Parallelisation

The pipeline uses Dask for parallelisation and job submission, and Prefect for pipeline orchestration. Specifically, a Prefect DaskTaskRunner is created based on a supplied configuration file.

Any Dask cluster is supported, including dask-jobque for HPC schedulers such as Slurm. This allows the pipeline to be run on virtually any system. For example, to use the SlurmCluster from dask-jobqueue, set the following in your configuration file:

cluster_class: "dask_jobqueue.SLURMCluster"

Configuration is specicfied by a file written in YAML. These are stored in arrakis/configs/. Add your own configuration by adding and editing a configuration, and point the pipeline to the file (see the dask-jobqueue docs).

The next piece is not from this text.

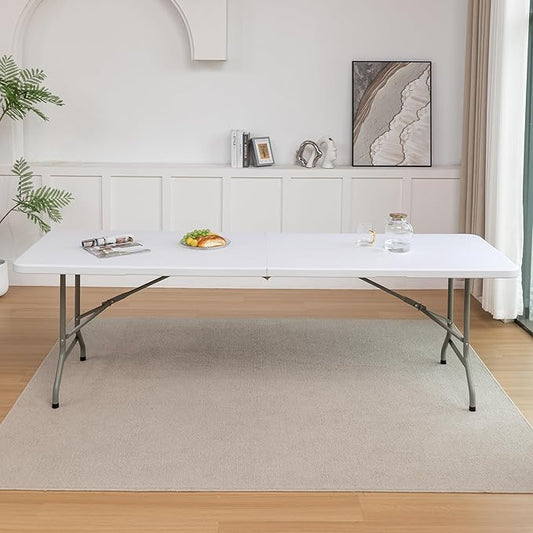 BTEXPERT 8-Foot - 96" Long White Plastic Folding Table Portable 30" Wide, 29" High, Indoor Outdoor Events Banquet Dining Party Patio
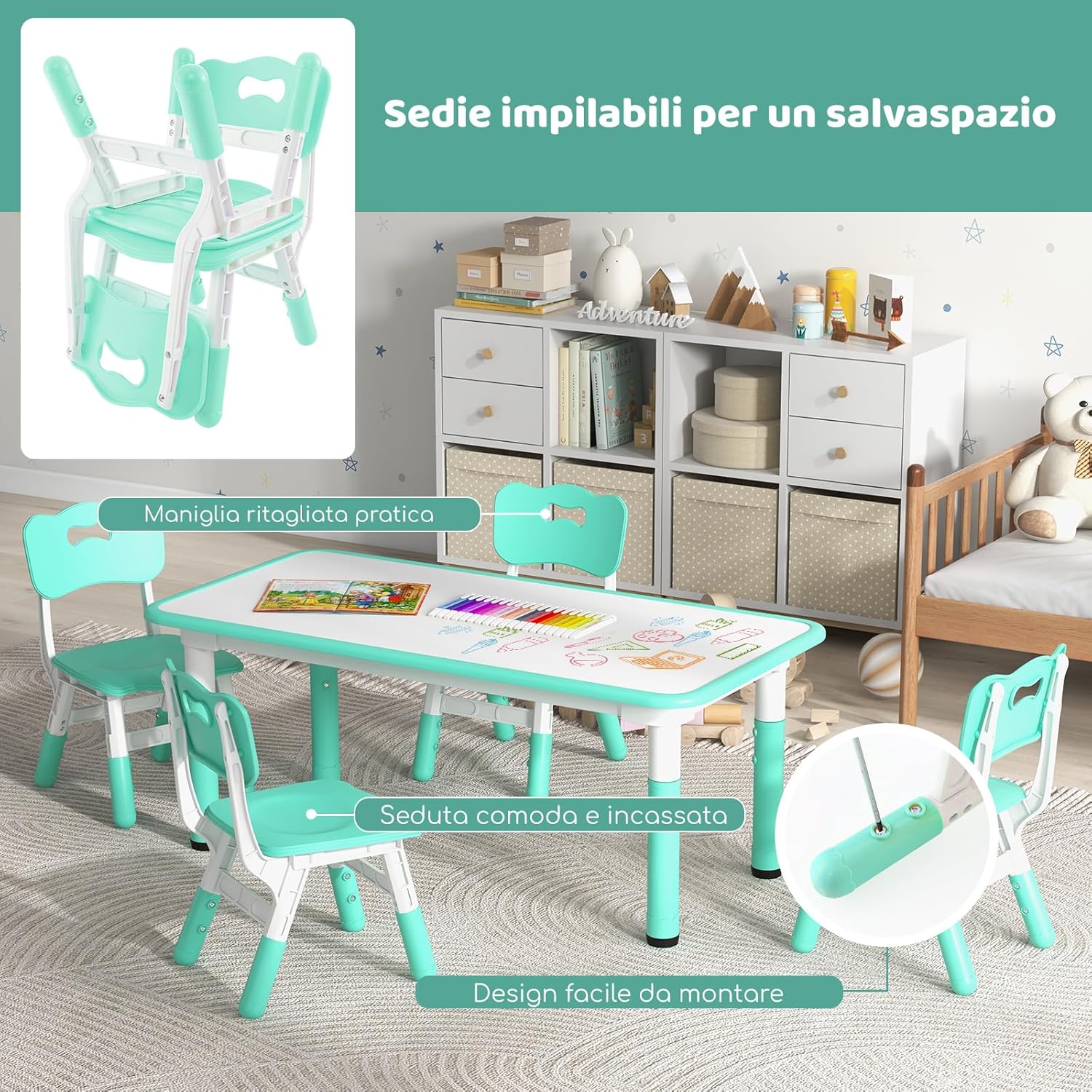 Set Tavolo e 4 Seide per Bambini, Scrivania Regolabile in Altezza con Piano Graffiti, Gambe Antiscivolo, Mobile Multifuzione con 4 Posti per Cameretta, Asilo e Scuola (Verde)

Note that cluster configuration options should be specicfied under the cluster_kwargs section, and adaptative scaling options under the adapt_kwargs section (see examples below). For further reading on Dask’s adaptive scaling, see here.

Arrakis supports two configurations to be supplied to the spice_process pipeline (see Running the pipeline) via the –dask_config and –imager_dask_config arguments. The former is used by the cutout pipeline, and the latter by the imager pipeline. Imaging typically requires more memory, and more CPUs per task, whereas the cutout pipeline requires high overall number of tasks. We provide two example configurations for CSIRO petrichor HPC cluster.

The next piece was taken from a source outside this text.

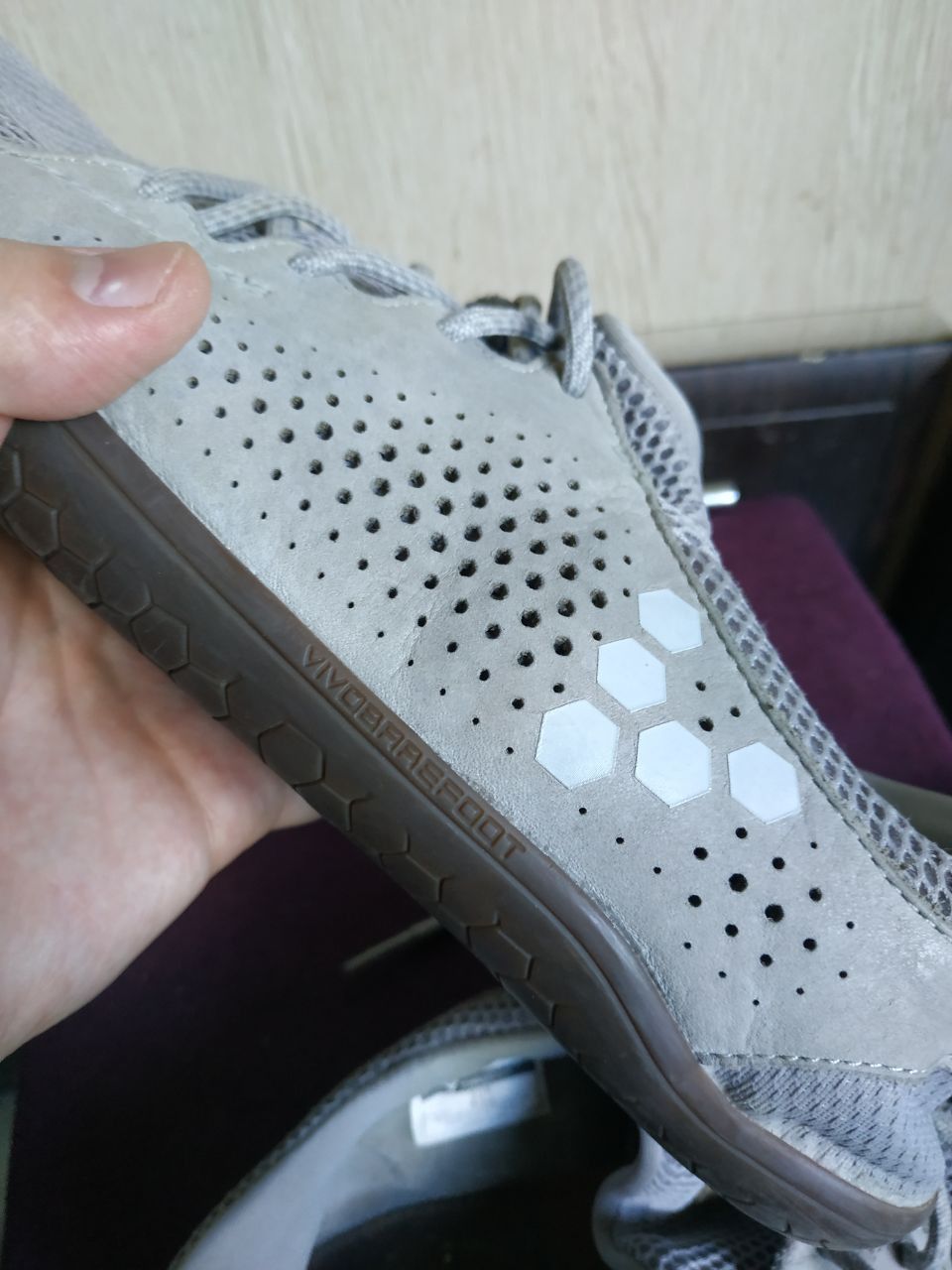Vivobarefoot Vivobarefoot Primus Trio Grey Leather Mesh Shoes EU 45 US 12 Size US 12 / EU 45 - 4 Thumbnail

For the imaging pipeline, an example configuration file is:

# petrichor.yaml
# Set up for Petrichor
cluster_class: "dask_jobqueue.SLURMCluster"
cluster_kwargs:
    cores: 16
    processes: 1
    name: 'spice-worker'
    memory: "128GiB"
    account: 'OD-217087'
    walltime: '1-00:00:00'
    job_extra_directives: ['--qos express']
    # interface for the workers
    interface: "ib0"
    log_directory: 'spice_logs'
    job_script_prologue: [
        'module load singularity',
        'unset SINGULARITY_BINDPATH'
    ]
    local_directory: $LOCALDIR
    silence_logs: 'info'
adapt_kwargs:
    minimum_jobs: 1
    maximum_jobs: 36
    wait_count: 20
    target_duration: "300s"
    interval: "30s"

For the cutout pipeline, an example configuration file is:

# rm_petrichor.yaml
# Set up for Petrichor
cluster_class: "dask_jobqueue.SLURMCluster"
cluster_kwargs:
    cores: 4
    processes: 4
    name: 'spice-worker'
    memory: "256GiB"
    account: 'OD-217087'
    walltime: '0-01:00:00'
    job_extra_directives: ['--qos express']
    # interface for the workers
    interface: "ib0"
    log_directory: 'spice_logs'
    job_script_prologue: [
        'module load singularity',
        'unset SINGULARITY_BINDPATH',
        'export OMP_NUM_THREADS=1'
    ]
    local_directory: $LOCALDIR
    silence_logs: 'info'
adapt_kwargs:
    minimum: 108
    maximum: 512
    wait_count: 20
    target_duration: "5s"
    interval: "10s"